As 2010 gave way to 2011 on Russia's Far East border with China, the first direct oil pipeline connecting both countries was officially inaugurated. This is Russia's first eastern oil export pipeline and China's second direct oil import pipeline (the first was from Kazakhstan). Over the next six months, it is expected that Russia and China will finally bring to an end the long-drawn-out negotiations to build a gas pipeline between both countries.
In 2011, Russia also wants to wrap up talks to build the South Stream gas pipeline, to push ahead with plans to co-ordinate gas exports from North Africa to Europe, to conclude talks to build two Bosphorus bypass oil pipelines, and to push its claim for greater sovereignty in the potentially energy-rich Arctic.
Contrast the near frenetic activity, and real progress, in the energy sector with the much more modest advances in the modernisation agenda. Most of the hype about Russia's future, and the core of investor expectations, is based on the assumption that the country is accelerating efforts to make the country more attractive for strategic investors outside of extractive industries and that the country will continue to diversify both in terms of economic growth drivers and budget revenues. That is also the base case assumption that I recently set out in a note, "Economic Glasnost" - ie. that there is today simply no choice but to make the changes/reforms required to advance that goal.

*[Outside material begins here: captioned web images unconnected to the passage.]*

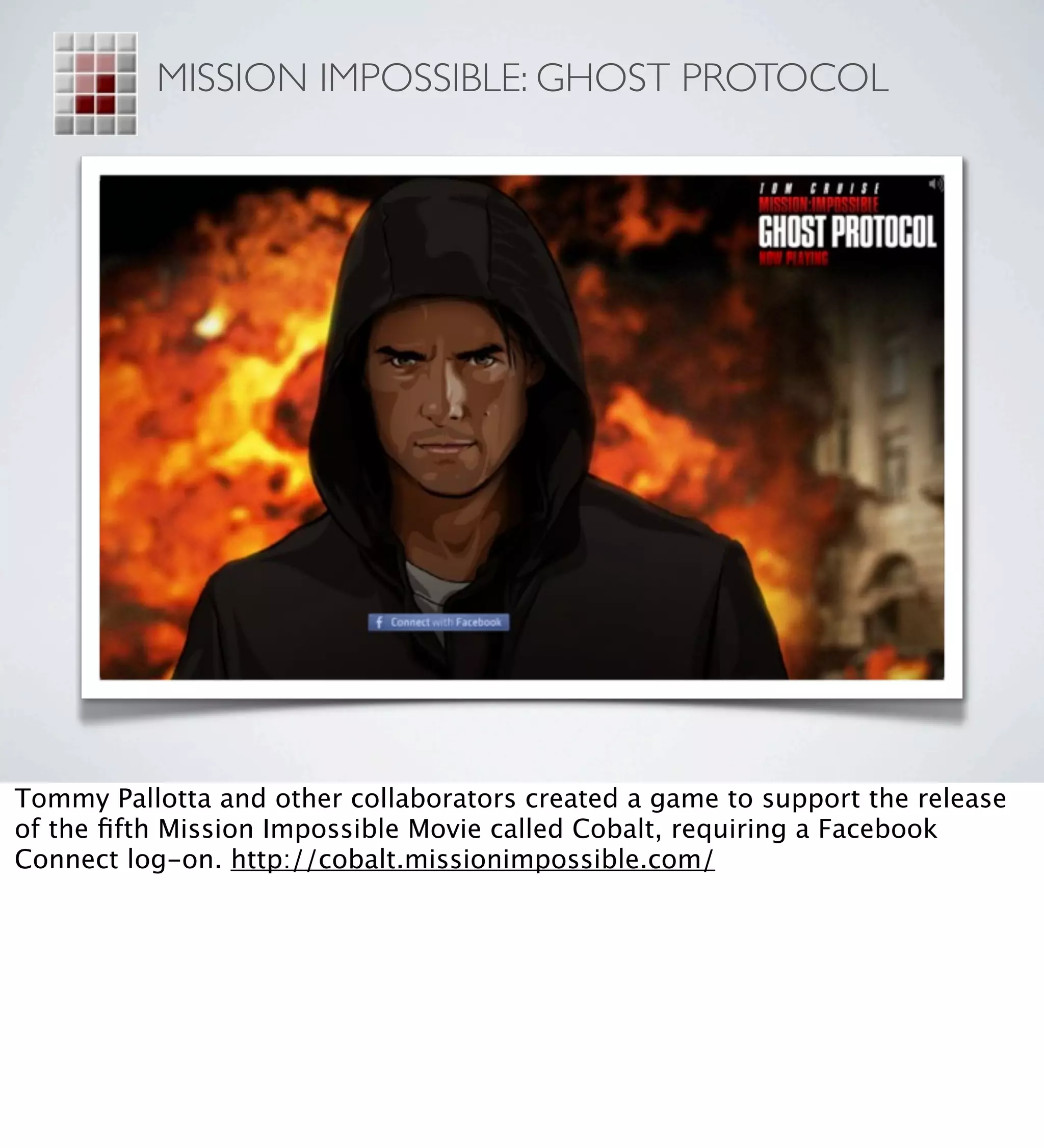 MISSION IMPOSSIBLE: GHOST PROTOCOL




Tommy Pallotta and other collaborators created a game to support the release
of the ﬁfth Mission Impossible Movie called Cobalt, requiring a Facebook
Connect log-on. http://cobalt.missionimpossible.com/
 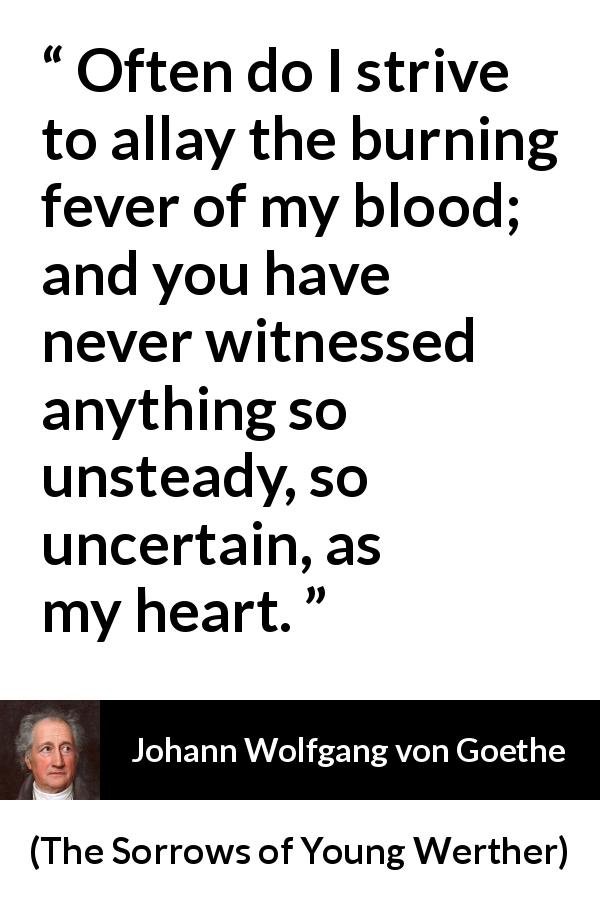 Johann Wolfgang von Goethe quote about heart from The Sorrows of Young Werther - Often do I strive to allay the burning fever of my blood; and you have never witnessed anything so unsteady, so uncertain, as my heart.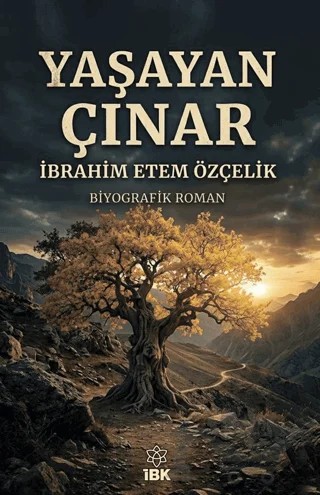 Yaşayan Çınar – İbrahim Etem Özçelik – İBK - İz Bırakan Kalemler kitap kapağı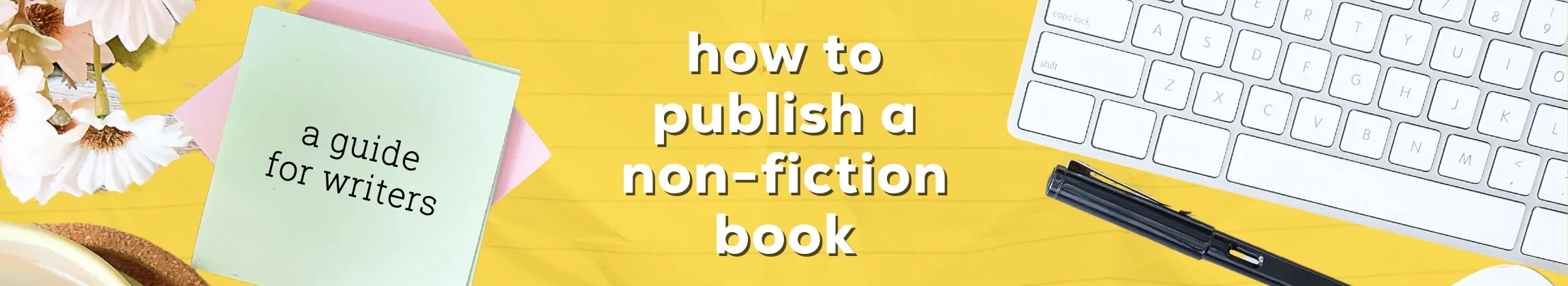 Navigating the Nonfiction Publishing Journey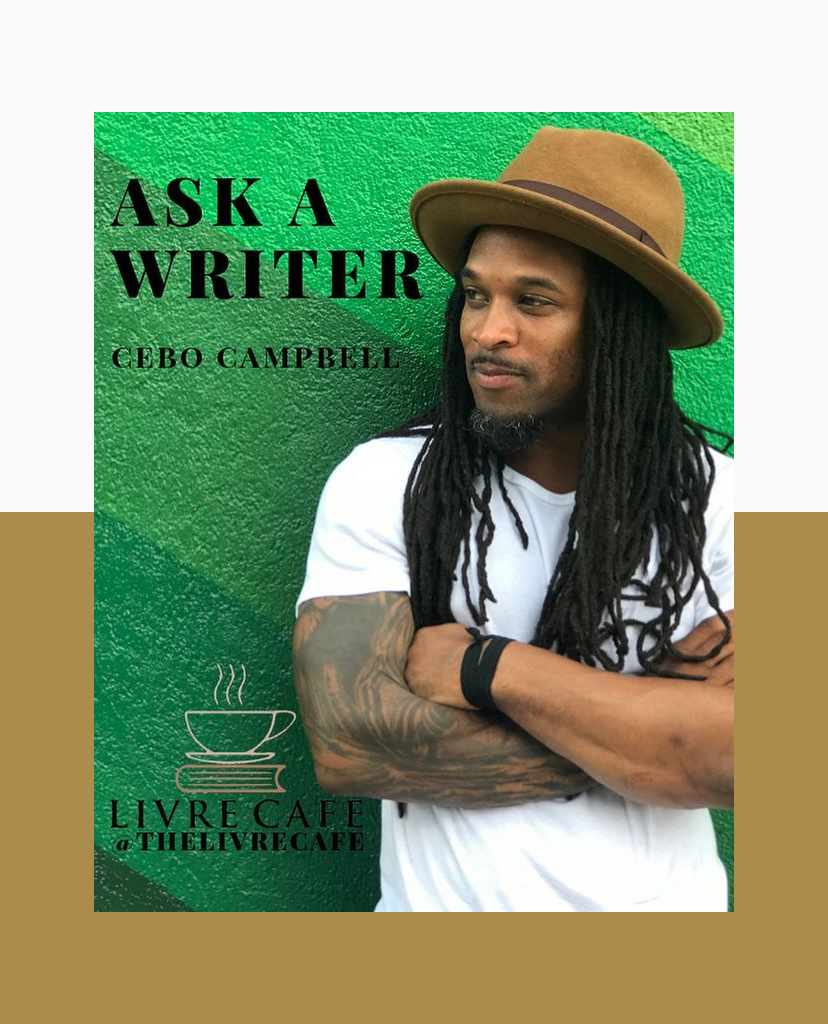 Ask A Writer: Cebo Campbell
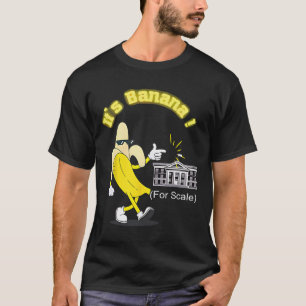 Trump Es ist Banana (für Maßstäbe) Starship Funny T-Shirt
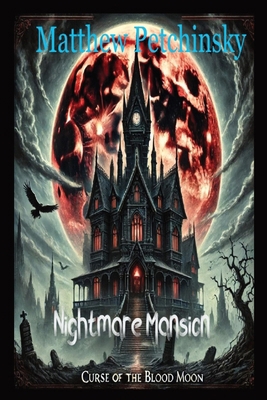 Nightmare Mansion: Curse of the Blood Moon            Book Cover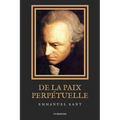 De la Paix Perpétuelle: Essai philosophique - Éléments métaphysiques de la doctrine du droit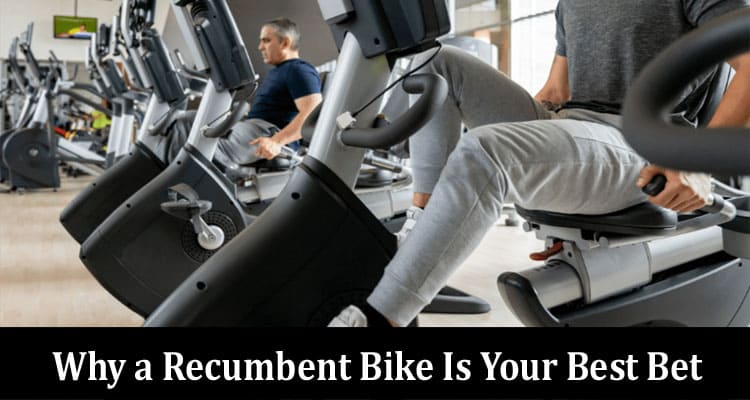 Weight Loss: Why a Recumbent Bike Is Your Best Bet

Aggressively pushing ahead with energy projects of course does not exclude progress with the modernisation agenda. But what it does mean is that progress in the latter will remain slow and project specific, so long as the government priority is focused on the former. We have seen time and time again that even as the president and prime minister talk about wide-ranging reforms and investment priorities, the only real progress is in those areas where the most senior members of government are personally active. Last year, those efforts were mainly directed towards rebuilding the auto sector; this year, the signs are that the pharmaceutical, housing and agriculture sectors will be prioritised.
Bottom line is that so long as energy projects remain the key priority, as they clearly are today, progress elsewhere will be slow and selective.